A process management system is described for generating and configuring aggregate span graphs to analyze process monitoring data. The process management system uses process monitoring data reporting on different instances of same and different processes to generate a structured object that identifies spans of processing time corresponding to processes involved in handling requests. Using the structured object, the process management system generates a graph including sections. Each section represents spans having a process initiation path corresponding to the section and has a section width determined using an aggregate metric of spans in the section. In this manner, the process management system manages process monitoring data to support analysis of various processes that may be monitored. In various embodiments, the process management system is implemented using non-transitory computer-readable storage media to store instructions which, when executed by one or more processors of a computer system, cause display of a user interface and processing of received input to generate aggregate span graphs. The process management system may be implemented on a local or cloud-based computer system that includes processors and a display for showing the user interface to a user for generating and analyzing aggregate span graphs. The computer system may communicate with client computer systems for generating and/or displaying aggregate span graphs.

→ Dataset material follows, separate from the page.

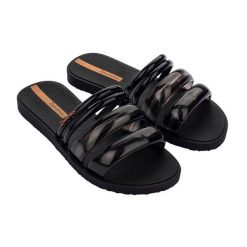 Klapki dla kobiet Ipanema PUFFER TIRAS FEM. Czarne klapki damskie Ipanema, bez wzorów, bez obcasa. Za 94.99 zł.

A description of generating and modifying an aggregate span graph having sections that represent spans from section-specific process initiation paths is provided in the following sections:
The steps described in individual sections may be started or completed in any order that supplies the information used as the steps are carried out. The functionality in separate sections may be started or completed in any order that supplies the information used as the functionality is carried out. The use of the terms “first,” “second,” “third,” and “fourth” is to separate distinct items so the items may be referenced separately and does not infer any order of the items unless otherwise stated. Any step or item of functionality may be performed by a personal computer system, a cloud computer system, a local computer system, a remote computer system, a single computer system, a distributed computer system, or any other computer system that provides the processing, storage and connectivity resources used to carry out the step or item of functionality.

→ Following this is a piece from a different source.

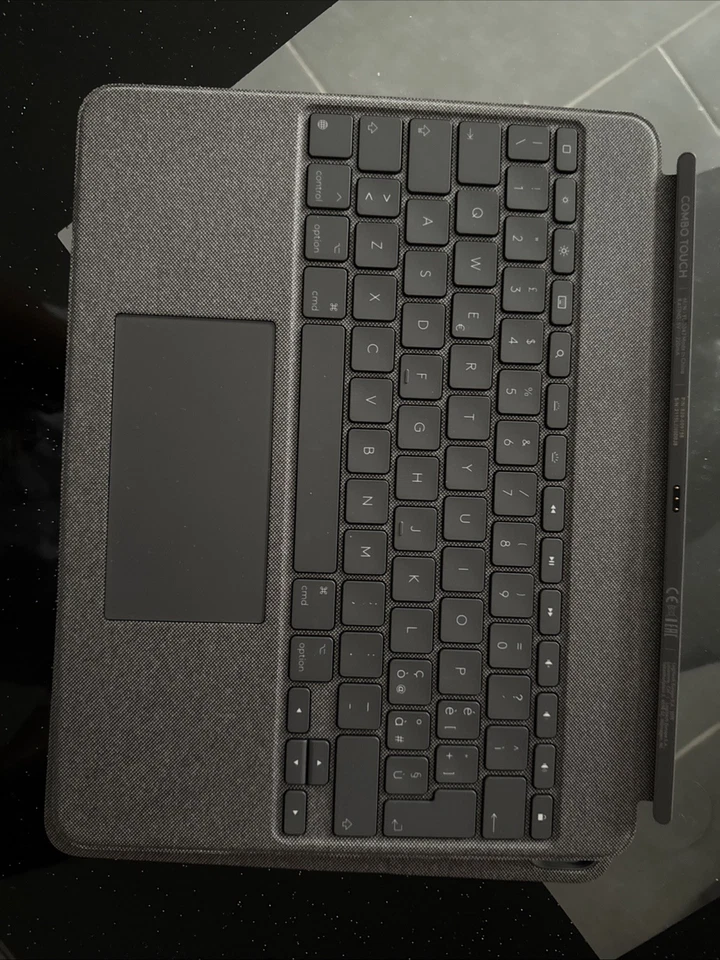 Tastatur Logitech Combo Touch iPad Pro 12.9 4th Generation (ITA) - Bild 4 von 4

Process monitoring data such as trace files, transmitted or encapsulated data chunks, such as spans sent over a network, and/or other log data, any of which are referred to herein as “traces,” are reported from microservices and other processes during operation of the microservices or other processes as they complete transactions or otherwise handle requests. A trace may include a collection of spans of log data that are generated as an application or user request is processed in a distributed manner by a system. A trace may be limited to a single request or cover multiple requests. As used herein, a trace is process monitoring data associated with a single user request, and a trace may cover one or more monitored process instances for the single user request. Process monitoring data may include one or more traces in a same or different transmitted communication. Process monitoring data such as traces and other log data are collected in a distributed tracing system and reported to a centralized repository of process monitoring data or otherwise stored in a manner accessible for analysis. Manual review of traces can be tedious and time-consuming, even if the data is organized for review.

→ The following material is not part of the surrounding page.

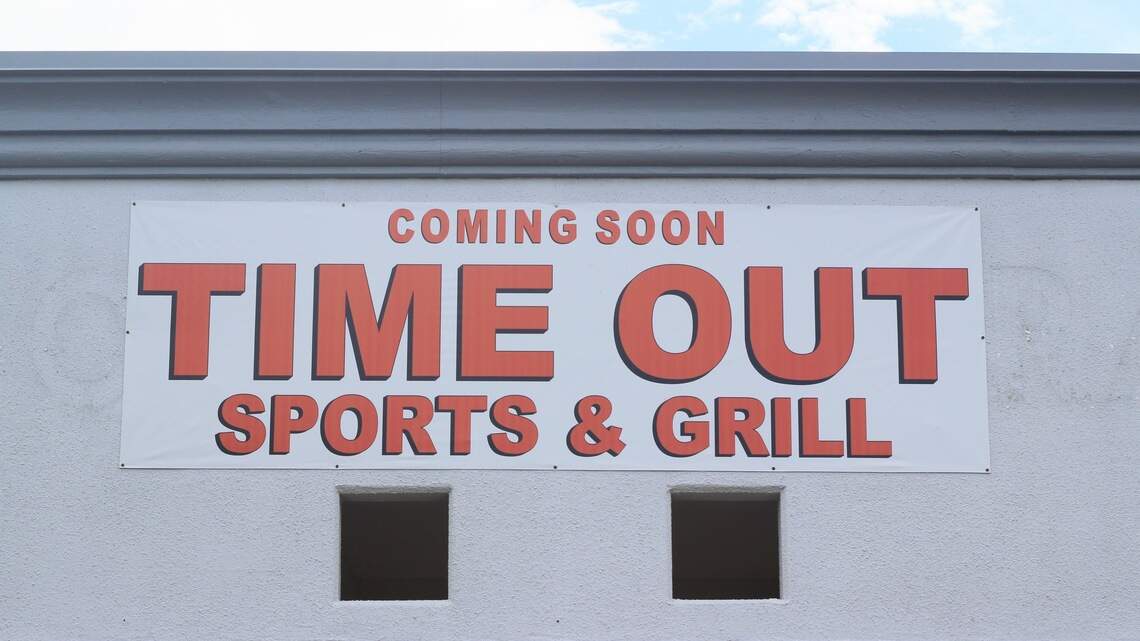New sports bar coming to Coral Springs? Mystery company signs RK Centers lease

A distributed tracing system may have a predetermined format for emitting information about traces and spans from different components. Spans are named durations of time for which traces of operations were emitted. Spans of traces may be related to other spans, such that each span may or may not have a parent span and zero, one, or more child spans. For example, a root span has zero parent spans, and a non-root span has a parent span to form a tree of spans. The parent span logs an operation or other process that was running for a duration, and the child span logs an operation or other process that was initiated during the parent span and also ran for a duration. A parent process, corresponding to a parent span, may initiate more than one child operation to run serially, concurrently in parallel, or at least partially concurrently (and partially parallel). The emitted trace information may be sent to a central system, which may be queried to view the traces. The trace information may also be visualized to see the parent-child relationships and durations.
Each of the operations represented by the spans may be a request to execute a task or otherwise complete a job on a service, such as a microservice. The parent and/or child services may be performing different operations on different services at the same time, but some of the services may require information from others of the services to start, make progress on, or complete the job. Different services or microservices may divide a job into smaller parts and call other services or microservices to complete part(s) of the job. A span may be logged as starting when the service or microservice is requested to start a job, receives the request, accepts the request to start the job, and/or begins working on the request, and completed when the service or microservice completes the job, reports completion of the job, and/or when the reported completion is received or processed. In this manner, spans may be nested, further nested, and further nested, until spans start completing jobs to close spans, which lead to completion of other jobs to close other spans, and so on.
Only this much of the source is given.